Exercise directions >>
Output a character-exact copy of the data, images removed.

Source data >>
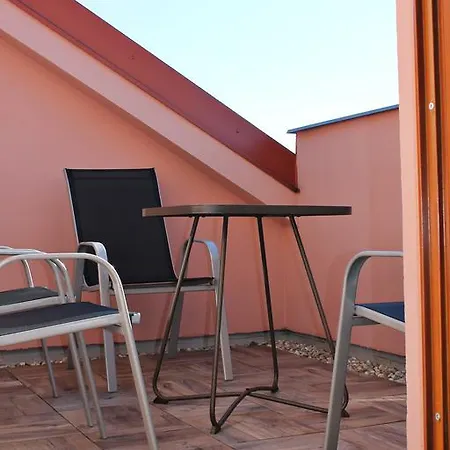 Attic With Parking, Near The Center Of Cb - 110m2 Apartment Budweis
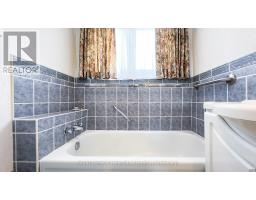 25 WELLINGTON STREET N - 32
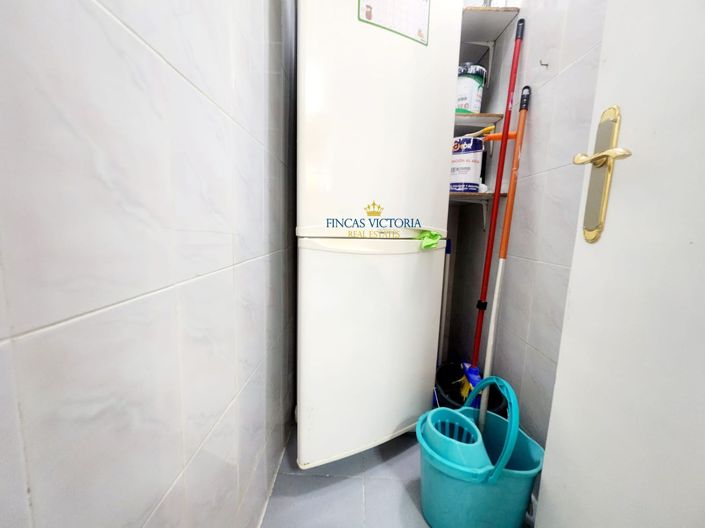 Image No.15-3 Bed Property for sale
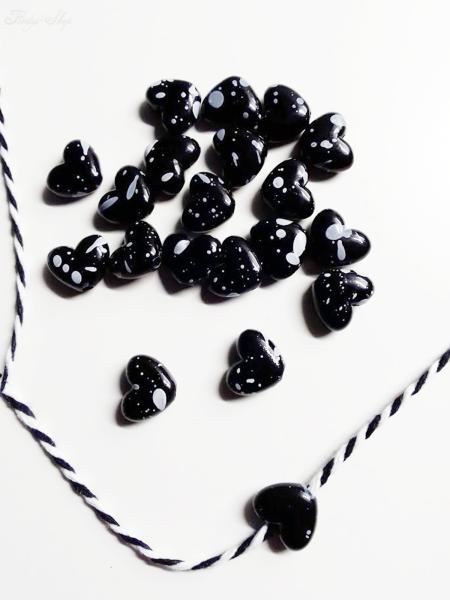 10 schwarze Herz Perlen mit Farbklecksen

Your solution >>
 Attic With Parking, Near The Center Of Cb - 110m2 Apartment Budweis
 25 WELLINGTON STREET N - 32
 Image No.15-3 Bed Property for sale
 10 schwarze Herz Perlen mit Farbklecksen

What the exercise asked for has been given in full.